When coaching executives, I often ask “How’s it supposed to be?” I use this question when I hear a complaint to uncover a person’s vision for what they wish were the case or want to have happen in a situation. Having, sharing, and acting on vision is one of the marks of brilliant leadership.
Vision isn’t always some grandiose image that’s massive, documented, and shared widely – like with big corporations whose “company vision” is intended to get people aligned in a certain direction.
Many of us have some sort of vision for our life—even if we’ve not articulated it clearly. Throughout a given day, we tend to envision things we want multiple times. The deal is, though, visions aren’t always expressed as aspirations and can sound more like griping. So, it’s important to be aware of, and examine, a “complaint” or frustration.
Do you hold a personal vision for something? Perhaps you’re not fully aware of what that is, or maybe you haven’t yet expressed it outwardly. Maybe your vision seems distant (like a hope), remains subtle (like something you imagined), or feels unreachable (like a wish). For example:
- Your work…maybe you’re hoping to keep your flexible schedule despite your company changing its work policies.

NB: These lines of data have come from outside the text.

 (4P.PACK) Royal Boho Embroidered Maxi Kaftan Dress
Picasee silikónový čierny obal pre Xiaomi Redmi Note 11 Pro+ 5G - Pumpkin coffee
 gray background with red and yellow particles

- Your home life…perhaps you’re imagining how you want an evening with your friends to play out.
- Your finances…possibly you’re wishing to retain a comfortable level of discretionary income as you face increasing demands on your spending.
When you don’t voice your vision, it’s possible things won’t go the way you want. This can lead to frustration.

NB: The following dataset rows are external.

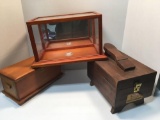 Mirrored display case, shoeshine box, handcrafted wooden keepsake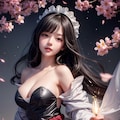 夜の桜とメイドさん 4枚目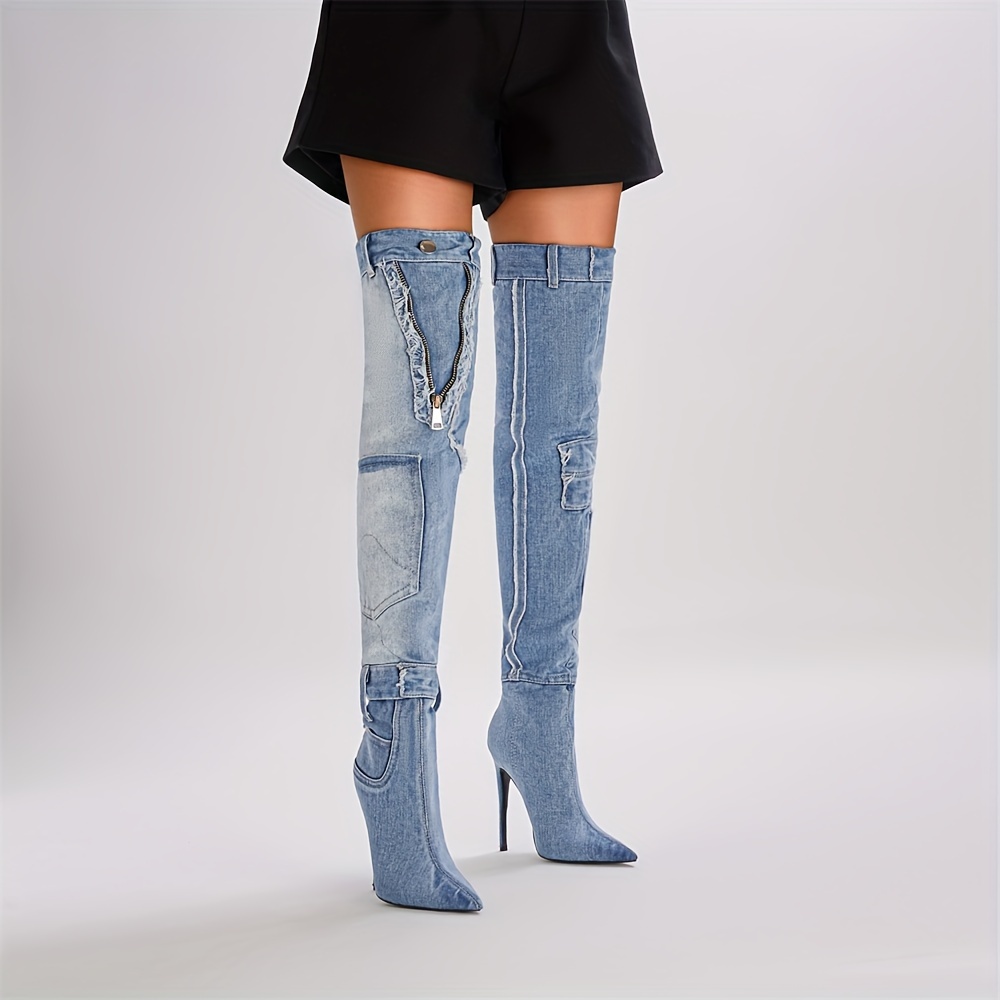 high heeled knee boots women s pointed toe stiletto denim details 6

Hence, it’s important to get clear on how it’s supposed to be. Here are three steps you can explore to help bring your vision to light:
- Be mindful + bodyful: Get curious and notice what’s going on with both your thoughts and the emotions being expressed through bodily sensations you’re experiencing. Do this by allowing yourself 15 minutes (or more) of sitting in silence or in nature.
- Be curious + intentional: Without judgment, get curious and explore more about what you noticed in Step #1. Specifically, ask yourself what, how, when, where, and who questions to become more intentional about what you want (i.e., your personal vision for a situation). TIP: Avoid why questions as these can put you on the defense.
- Be open + communicative: Once you’ve gotten in touch with what you’re noticing and wanting, be open and communicate this to the people for whom it will matter…before things go sideways!
This Week’s Challenge: When you get frustrated, stop yourself in your tracks, ponder “How’s it supposed to be?” and explore the 3 steps above to help turn your frustration frown upside down.